IL TACCUINO DI NUCCIO FAVA
Qualche domanda a Mario Orfeo, nuovo direttore generale della Rai
di Nuccio Fava
 Caro
direttore, innanzitutto buon lavoro. Le forze politiche ti hanno passato una
patata molto calda che tu hai accettato senza resistenza alcuna. I partiti
hanno interesse a fare orecchie da mercante e si rimpallano, reciprocamente,
responsabilità e strumentalizzazioni. Da anni ormai, ho lasciato l’azienda, ma
mi addoloro vedendola in che stato è ridotta. La Rai non è, infatti, del
direttore generale, né della presidente, né del consiglio.
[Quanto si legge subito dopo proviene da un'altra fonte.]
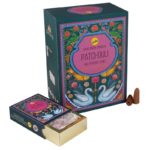 Vonné kužele Tečúci dym/ backflow GOLDEN INDIA - PATCHOULI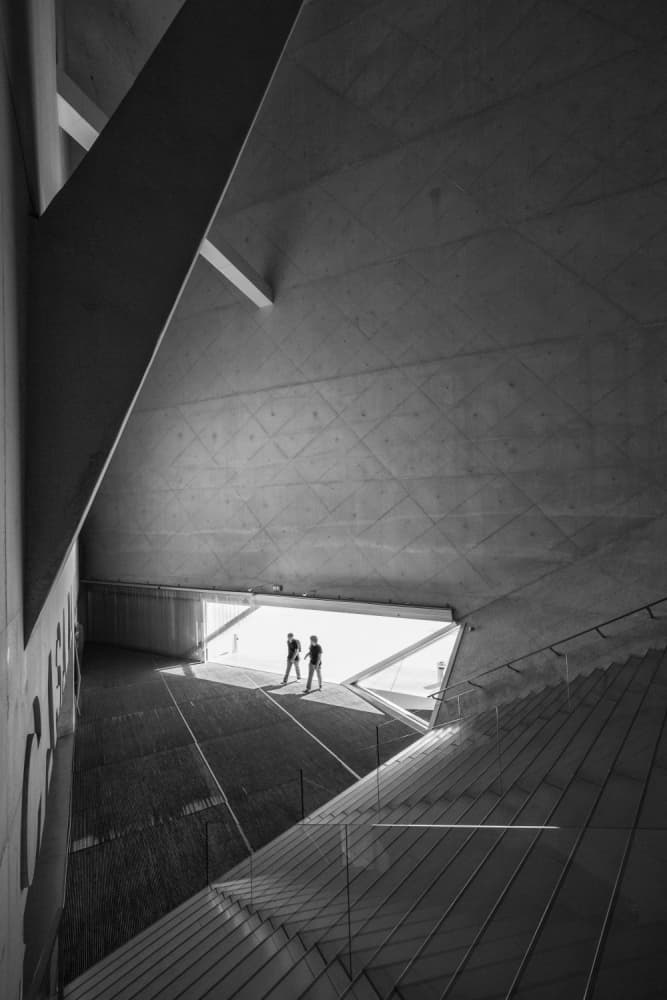 Geometric Light and Shadow by Filipe P Neto — canvas wall art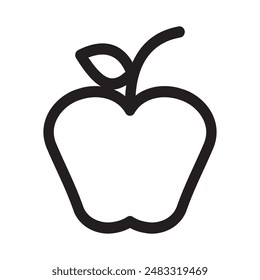 Apple vector illustration design icon logo template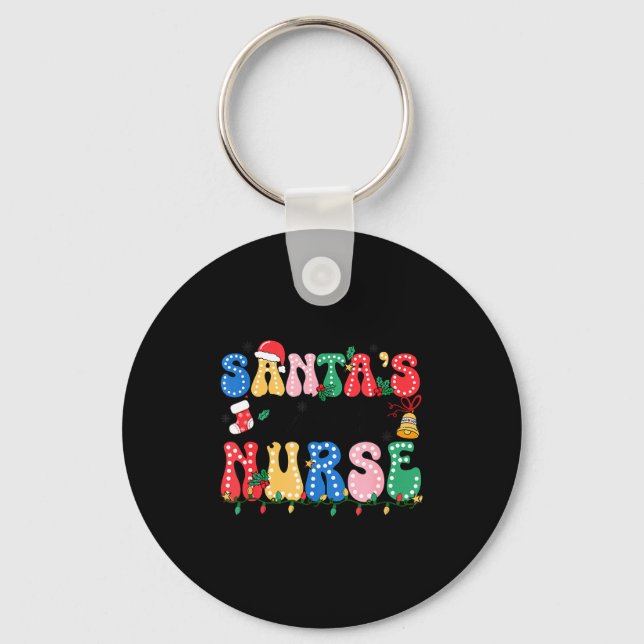 Porte-clés Funny Santa's Favorite Nurse Christmas Nursing Xma (Recto)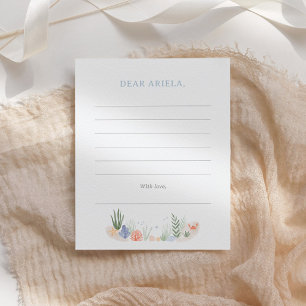 Unter dem Meer 1. Geburtstag Party Mitteilungskarte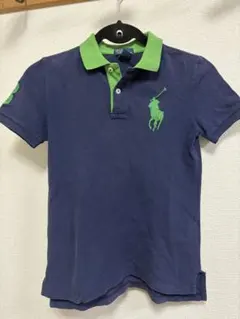 希少配色✨】Ralph Lauren ネイビー ビッグポニー 半袖ポロシャツ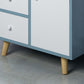 Wooden Accent Cabinet with Drawers Contemporary Side Cabinet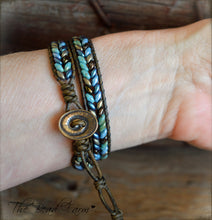 Load image into Gallery viewer, Leather Wrap Bracelet - Superduo Wraps - The Bead Farm
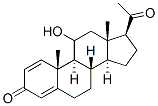 pregna-1,4-diene-11-ol-3,20-dione Struktur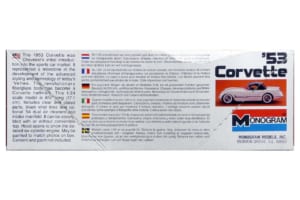 モノグラム製1/24スケール・プラモデル「’53コルベット」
Nemmeno della
commissione di vigilanza. La Rai è di tutti i cittadini, indipendentemente
dalle loro scelte di voto e dalle etichette partitiche. Che senso ha
caratterizzare il tuo programma con la scelta di Fazio, e a che prezzo? Che
senso ha annunciare sforzi titanici per avere Benigni o la Clerici a San Remo?
La tentazione forte è dire ad alta voce “come siamo caduti in basso”. Le stesse
modalità della tua successione a Campo Dell’Orto restano opache e senza chiare
motivazioni. Sono, fortunatamente, in campagna e mi godo Wimbledon su Sky; Rai
sport nemmeno un fotogramma sul torneo più importante del mondo. Anche la
delicata materia dei contratti stramilionari dei calciatori, procuratori,
società e attese dei tifosi richiederebbero, forse, un qualche contributo di
riflessione e non semplici annunci da mercante in fiera. Esprimono problemi
cruciali delle nostre società complicate, non meno della corruzione e della
mafia, spesso esauriti nei pochi secondi di un servizio giornalistico.
Se
poi ampliamo lo sguardo ai grandi temi della crisi dell’Europa, di Trump e dell’espansionismo
di Putin, del terrorismo e della tragedia dei migranti, dell’emergenza
climatica, del lavoro e dei giovani nella crisi dei sistemi formativi, nella
difficoltà delle famiglie, della tragedia della droga e dei suoi legami
indissolubili con ‘ndrangheta e mafie interne e internazionali, la Rai dovrebbe
sentirsi, fortemente, interpellata ed esprimere un’ininterrotta campagna
informativa, culturale e civile, anche politica in senso alto e non partitico.
Anche le gravi difficoltà, non solo politiche, che attraversano nel profondo la
società italiana a cominciare dai rapporti con l’Europa, il suo ruolo futuro
nella nuova globalizzazione diseguale e prevaricatrice. Basta un semplice
esempio: il presidente della Repubblica è stato ad Agrigento per il centenario pirandelliano.
I notiziari Rai ne hanno dato adeguata notizia “istituzionale”. Può bastare? Il
centenario di Luigi Pirandello nella crisi culturale contemporanea non
meriterebbe di più? Bastano “Che tempo che fa” e forse Benigni, o forse se ne
occuperà la Clerici? Temo, per paradosso, che non pochi italiani dinnanzi alle
splendide immagini di Vigata e dintorni finiranno per ritenere Pirandello un
collega del commissario Montalbano o un collaboratore dell’affaticato Camilleri.
Scusami, direttore, dell’incursione un po’ “corsara”, ma la Rai e l’Italia si
meritano, urgentemente, una qualità migliore. Ancora buon lavoro.